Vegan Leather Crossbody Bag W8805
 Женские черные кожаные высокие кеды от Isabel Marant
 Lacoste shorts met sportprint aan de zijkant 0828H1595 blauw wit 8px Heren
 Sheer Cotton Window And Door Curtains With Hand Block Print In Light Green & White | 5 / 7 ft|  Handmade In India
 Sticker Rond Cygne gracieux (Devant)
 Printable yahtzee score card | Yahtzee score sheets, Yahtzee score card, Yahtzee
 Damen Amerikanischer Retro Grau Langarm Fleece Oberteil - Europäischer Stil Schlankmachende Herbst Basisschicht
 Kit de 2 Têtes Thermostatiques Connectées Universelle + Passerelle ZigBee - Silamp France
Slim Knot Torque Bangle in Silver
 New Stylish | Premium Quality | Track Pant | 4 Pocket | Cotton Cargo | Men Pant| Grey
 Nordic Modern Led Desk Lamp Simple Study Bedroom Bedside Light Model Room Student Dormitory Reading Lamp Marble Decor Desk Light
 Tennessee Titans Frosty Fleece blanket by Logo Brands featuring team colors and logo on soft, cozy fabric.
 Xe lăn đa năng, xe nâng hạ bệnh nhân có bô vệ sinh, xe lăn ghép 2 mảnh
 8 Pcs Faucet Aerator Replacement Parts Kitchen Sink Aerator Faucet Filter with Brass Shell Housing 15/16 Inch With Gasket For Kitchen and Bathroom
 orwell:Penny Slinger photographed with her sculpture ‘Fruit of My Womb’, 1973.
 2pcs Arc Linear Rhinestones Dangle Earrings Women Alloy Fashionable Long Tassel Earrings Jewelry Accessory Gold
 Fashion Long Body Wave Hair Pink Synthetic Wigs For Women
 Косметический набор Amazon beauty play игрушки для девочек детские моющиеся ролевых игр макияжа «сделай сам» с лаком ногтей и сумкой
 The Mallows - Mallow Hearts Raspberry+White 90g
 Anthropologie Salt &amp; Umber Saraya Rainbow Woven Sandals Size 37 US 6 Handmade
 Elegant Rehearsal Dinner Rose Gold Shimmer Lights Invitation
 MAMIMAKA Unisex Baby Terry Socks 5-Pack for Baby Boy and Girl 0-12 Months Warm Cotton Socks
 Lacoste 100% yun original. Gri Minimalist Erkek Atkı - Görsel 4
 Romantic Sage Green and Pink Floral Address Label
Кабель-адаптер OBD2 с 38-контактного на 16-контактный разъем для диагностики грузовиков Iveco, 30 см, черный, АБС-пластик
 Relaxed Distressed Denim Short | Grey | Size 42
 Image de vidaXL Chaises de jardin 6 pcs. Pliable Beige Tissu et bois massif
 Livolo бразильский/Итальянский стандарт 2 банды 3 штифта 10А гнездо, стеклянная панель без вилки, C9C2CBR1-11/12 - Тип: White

REQUIREMENT >>
Please state how many lines of the entries above include the string "Long", giving the number and nothing more.

RESPONSE BELOW >>
2